AKI risk assessment by [TIMP-2] × [IGFBP7] and PCT results and their combination

Logistic regression analysis was performed to assess odds ratio (OR) of AKI occurrence within 48 h using the validated cut-off of 0.3 for [TIMP-2] × [IGFBP7] and the widely used cut-off of 0.5 for PCT. After multivariate analysis which incorporated admission eGFR and SOFA score, the positivity of the biomarkers was associated with an increased risk for AKI occurrence (Table 3). Of note, PCT > 0.5 was not an independent predictor of AKI in septic population. To evaluate the utility of adding [TIMP-2] × [IGFBP7] and PCT results for risk assessment, we evaluated the predictive value of having a single-marker positivity compared to a double-marker positivity. As shown in Table 3, the presence of at least one of the two biomarkers was significantly associated with AKI development (OR 4.1, 95% CI 1.9–8.8, p < 0.001) and when both biomarkers were positive the probability of AKI occurrence strongly increased (OR 26.4, 95% CI 12.3–56.62, p < 0.001). If the results were confirmed in non-septic population, within septic patients only the positivity of both biomarkers significantly increased the risk for AKI occurrence with a 19-fold risk increase.

Table 3 Risk assessment for primary and secondary outcomes in the entire population and in septic and non-septic subgroups

Association of combined positivity of [TIMP-2] × [IGFBP7] and PCT with AKD at 7 days

To determine a potential association with persistence of AKI, a subset analyses was performed excluding patients who died or were discharged from the hospital within the observation period (n = 136). 47 of 297 patients had AKD at 7 days (15.8%), of whom 14 were classified in stage 0 (n = 26 in septic group), 9 in stage 1 (n = 5 in septic group), 7 in stage 2 (n = 4 in septic group), 16 in stage 3 (n = 7 in septic group) and 14 required RRT (n = 7 in septic group). As shown in Table 3, a double-biomarker positivity had a 10.3 risk increase for AKD at 7 days (p = 0.001). These results were confirmed in non-septic population, where the risk for AKD was 15.9 times higher when both biomarkers tested positive.

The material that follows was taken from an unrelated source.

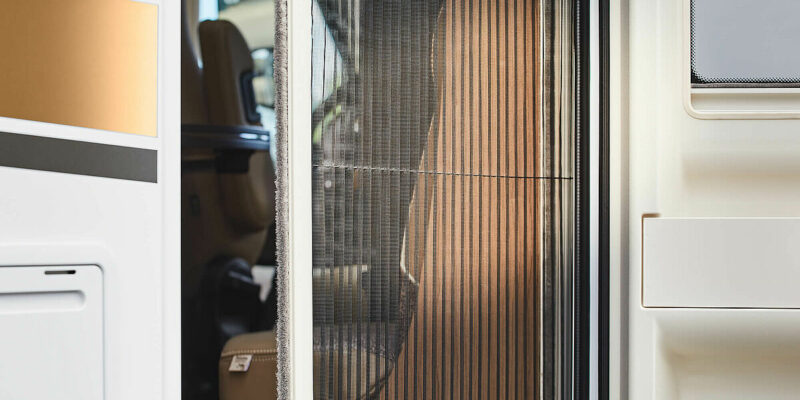 csm_wohnmobil-exterieur-aufbautuer-fliegengitterrollo_f4d542d0d7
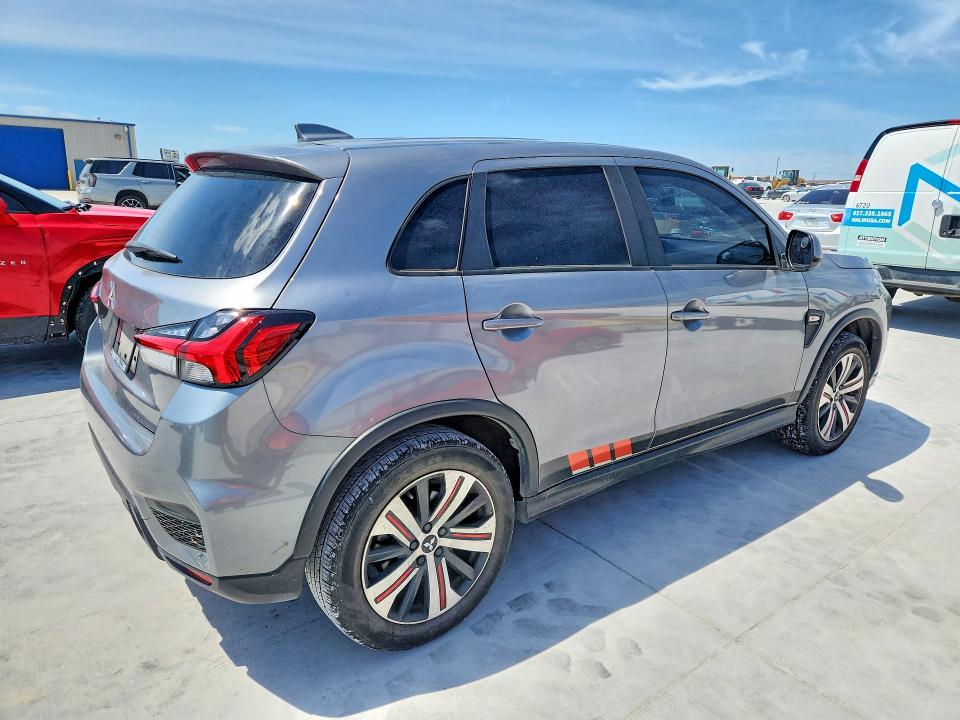 2022 Mitsubishi VIN JA4APUAU3NU013361 COPART salvage auction — HAIL, Tx - Certificate Of Title, sold $2,100 on 2026-07-31 (photo 3)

Association of combined positivity of [TIMP-2] × [IGFBP7] and PCT with mortality within 7 days

Of the 433 patients analysed, 65 died within 7 days (n = 37 in septic group). Using Cox regression analysis, only the double-marker positivity showed an increased risk for mortality within 7 days (Table 3) and these results were confirmed only in septic patients (HR 4.1, 95% CI 1.4–11.8, p = 0.001).

Discussion

AKI is a commonly encountered complication of critical illness, associated with significant mortality, long-term adverse outcomes and high costs [16]. AKI and its progression could be prevented or mitigated by effective care strategies if sufficient warning is provided [10]. Sepsis is one of the most common causes of AKI in critical care patients and the two syndromes can interweave in the condition of sepsis-associated AKI [17].

Biomarkers are potential tools that offer early warning where intervention can still alter outcomes. Some biomarkers revealed activity in biological pathways that precede AKI and other biomarkers are triggered by the presence of subclinical AKI. Therefore, combining the results of biomarkers involved in different steps of disease process may be helpful in the prediction and assessment of the risk.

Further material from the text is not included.